Je n’aime pas cette approche, je n’ai pas vu de personnes tuer au nom d’un Dieu, je n’ai pas entendu dire ‘Moi je prends les armes pour défendre ma foi’. Il s’agit de milices qui voulaient tuer leurs ennemis, une revanche, et ils répondent avant tout à un chef féticheur. Je connais des chrétiens qui se sont fait initier pour devenir anti-balaka. Il y en a. Ils ont quitté les rangs de l’Église pour aller rejoindre ces milices. Je reconnais aussi que des massacres ont été perpétrés contre les musulmans, mais la crise est complexe, car les Séléka avaient dans leurs rangs aussi des non-musulmans et parmi les anti-balaka il y a également des musulmans. Je crois que, plutôt que d’une guerre entre musulmans et chrétiens, il s’agit d’une guerre politique.

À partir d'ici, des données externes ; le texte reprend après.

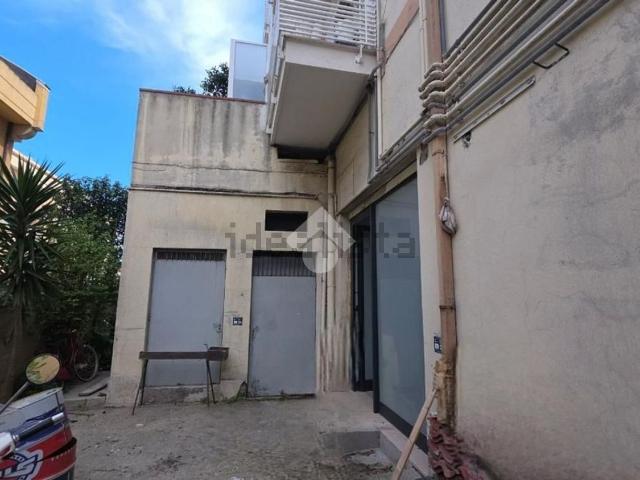 Capannone in vendita a Montesilvano, Abruzzo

Les pouvoirs qui se sont succédés en République Centrafricaine ont fait preuve de mauvaise gouvernance. Les biens du pays n’ont pas profité à tous. C’est un pays riche en or, en diamant, en bois, un pays convoité par beaucoup de puissances extérieures. Mais les pouvoirs n’ont pas utilisé ces richesses pour aider la population et il y a une région presque ignorée, le nord-est du pays. C’est de là surtout qu’est venue la rébellion pour chasser le pouvoir. C’est une région où il y a beaucoup de musulmans et pour cette raison, dans le groupe de rébellion Séléka, il y en avait beaucoup. Ils ont commis des massacres. Et la population a eu l’impression que les musulmans collaboraient avec les Séléka, car il y a eu des cas.

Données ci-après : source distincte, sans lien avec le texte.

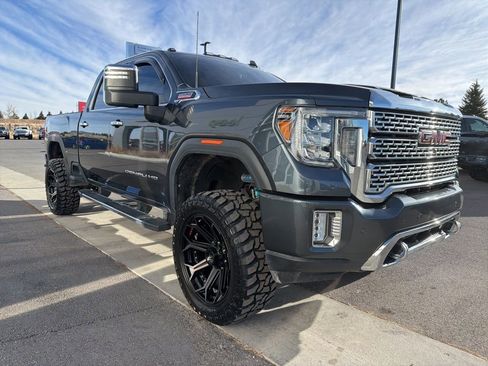 Used 2020 GMC Sierra 2500 Denali w/ Denali Ultimate Package image 12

Il vous a fallu beaucoup de courage pour rester, pour défendre les musulmans. Où avez-vous trouvé cette force?

J’aime beaucoup cette population et ses habitants, chrétiens ou non, que je considère comme un talent que le Seigneur m’a confié. Alors, voir ce bien si riche, si merveilleux disparaître ou être détruit serait vraiment dommage. Je suis peureux de nature et je crois que c’est grâce à la prière que j’ai trouvé la force et les moyens d’aider la population.

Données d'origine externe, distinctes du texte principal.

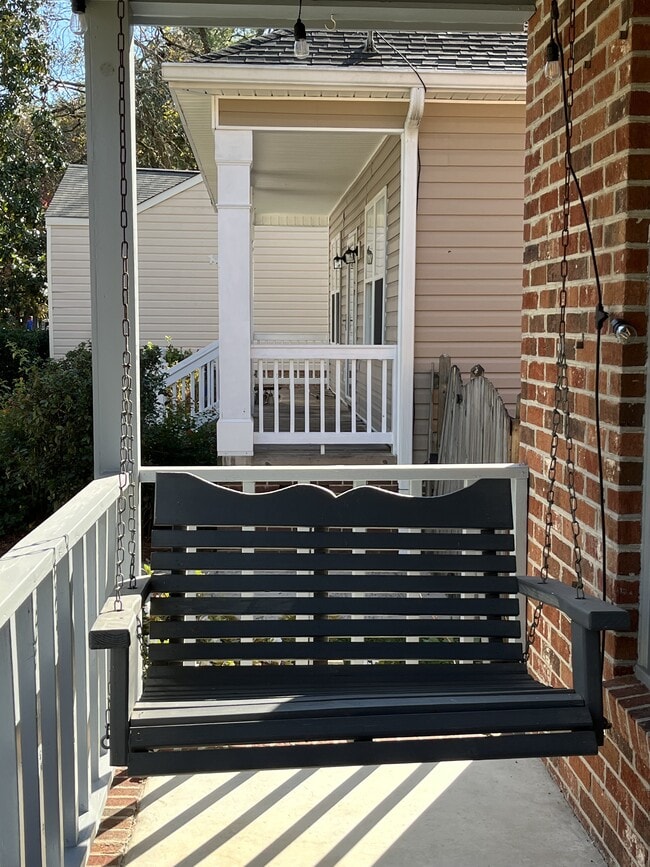 Photo - 1007 Chevis St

Notre vie chrétienne nous conduit à un engagement. La doctrine sociale de l’Église parle de l’option préférentielle pour le pauvre, le faible. Il fallait la mettre en pratique, surtout en tant que Père camillien: j’ai fait le vœu de servir les malades même au péril de la vie. Ce n’était pas un vœu fait au hasard. Quand je l’ai prononcé je ne savais pas à quoi j’allais être confronté, mais quand le moment de l’épreuve est venu, j’ai su quelle était ma mission et que je ne devais pas l’abandonner. J’aurais pu partir, mes supérieurs me l’ont proposé, mais j’ai décidé de rester pour soigner tout le monde sans distinction: Séléka, anti-balaka, chrétiens, musulmans et j’ai donné cet ordre à tout le personnel de l’hôpital. Il fallait respecter ce principe ou partir. Il y a eu un seul départ.

De plus, je n’étais pas seul. Nous sommes une équipe d’une vingtaine de personnes, avec un médecin chirurgien et deux religieuses infirmières, deux sages-femmes, des aides-soignantes et des assistants de santé. Nous continuions chaque jour à célébrer la messe, même quand les armes retentissaient.

Notre témoignage n’a pas été vain. Un jour les anti-balaka ont lancé un mot d’ordre général de ne pas tuer des musulmans et je me souviens de ce jour où ils nous ont amené 115 femmes et enfants qu’ils avaient kidnappés et gardés dans la brousse pendant plusieurs jours. Quelle merveille! D’autres prêtres ou évêques en Centrafrique ont aussi sauvé des vies humaines.

Mais la situation reste sombre. Les tensions sont en effet nombreuses. C’est très complexe et beaucoup profitent de cette situation pour piller le pays. Il ne faut pas oublier la République centrafricaine.